Stop violence: FNR to Naga militants
Source: The Sangai Express / Newmai News Network
Dimapur, October 08 2013 :
The Forum for Naga Reconciliation (FNR) said that if the reconciliation process is to continue with credibility then the Naga underground organisations should immediately stop violence perpetuated in any form.
The FNR said this amidst increasing factional killings and other forms of violence in Naga areas of late.
The FNR then urges the leaders of the Naga underground groups to demonstrate their statesmanship by putting aside factional politics and work for the common Naga cause of justice and peace.
It asserts that all Naga political groups to stop building their interest-based political houses and focus on building one Naga House.

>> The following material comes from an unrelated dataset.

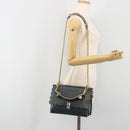 FENDI Canay Chain Shoulder Bag Leather 2way Green Gold Tone 8BT283 Auth 198639-28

The FNR then encourages all other Naga political groups who are committed to reconciliation to join the Naga Reconciliation process; and The FNR expresses the view that the Naga de facto can be realized only with the people's active participation, and hence, all Naga political groups work together for a referendum through which the people can freely express, participate and determine the Naga future.
The Forum for Naga Reconciliation said today that it intends for the reconciliation process to be inclusive, participatory and transparent.
It is also aware that no single process is perfect or satisfactory to all circumstances and parties involved.
However, difficult choices and decisions need to be made in order to move forward in the Naga context.
"With this in mind, the Forum for Naga Reconciliation sincerely reaches out to the Naga public and welcomes your active support, guidance, suggestions and prayers," the FNR added.
According to the Forum, reconciliation is a dynamic realistic process forward for a people to become united in purpose towards achieving aspirations such as forgiveness and healing, justice and peace, democracy, dignity, and inclusive development.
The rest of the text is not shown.